But Saturday was certainly not problem-free for Red Bull, the team making modifications to its rear wings post-FP3, with the work continuing right up until moments before the qualifying hour. Christian Horner, however, denied that it had any influence on proceedings: “We saw something in P3 and wanted to add a bit of protection. It was a bit of fatigue and the the mods we made have addressed any concerns.” Alpine, remember, had rear wing fatigue issues in Austin.

Horner was not too despondent though: “We still think we’ve got a great chance. The first one, of course, will be down at Turn 1 when the tow is at its strongest.
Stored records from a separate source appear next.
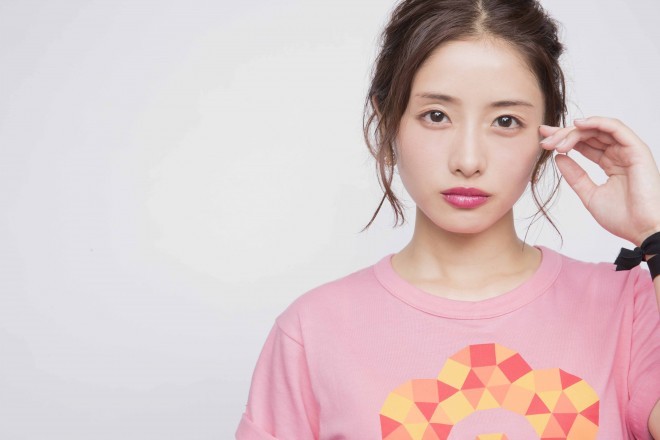 ΌƂ݁^ORICON NEWSB艺낵ʐ^i2017N8j@ʐ^FV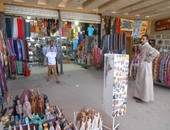 مواطنون أجانب يبحثون إنشاء سوق للحرفيين فى مدينة القرنة بالأقصر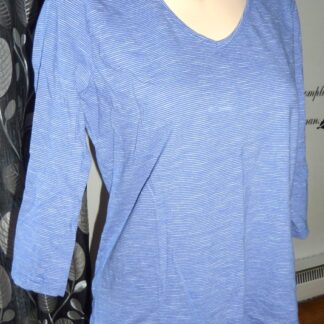 Chandail Part Two Large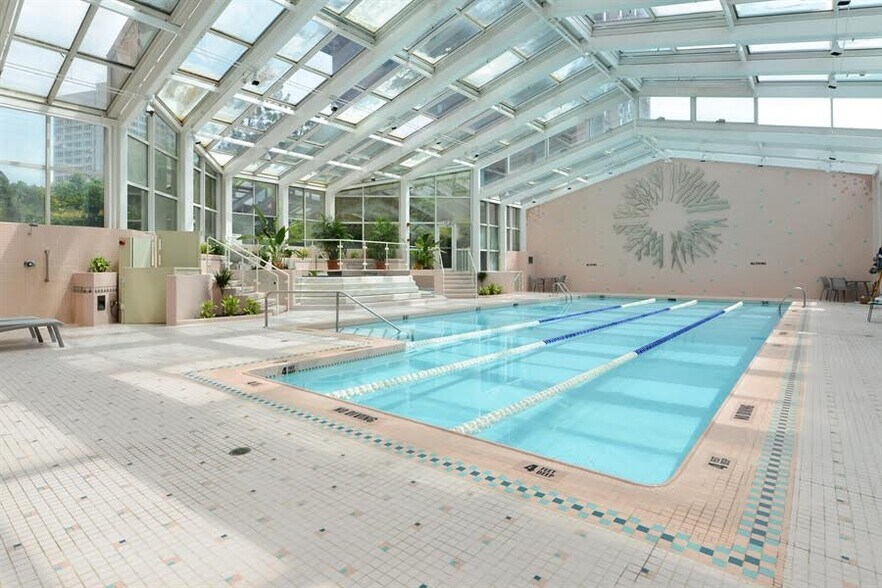 Building Photo - 4 Martine Ave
I think it could be pretty interesting down there. Lewis is on the dirty side of the grid, so let’s see what happens.”

Mercedes, after spending Friday’s night’s debrief working through likely scenarios from P3/P4 on the grid, was suddenly discussing P1/2 24hrs later. Which, ironically, might not be as great as it sounds given the length of the run to Turn 1, even if the altitude does make for a weaker tow.

Red Bull mechanics working on rear wing of Sergio Perez

Red Bull was working on the rear wings of their cars as qualifying started

Mark Thompson/Getty Images

Pierre Gasly was a delighted fifth, the AlphaTauri/Toro Rosso team’s best ever qualifying performance in Mexico, no doubt also aided by the Honda power unit. But for the Frenchman to set a lap more than three-tenths ahead of the quickest Ferrari, was a fabulous effort.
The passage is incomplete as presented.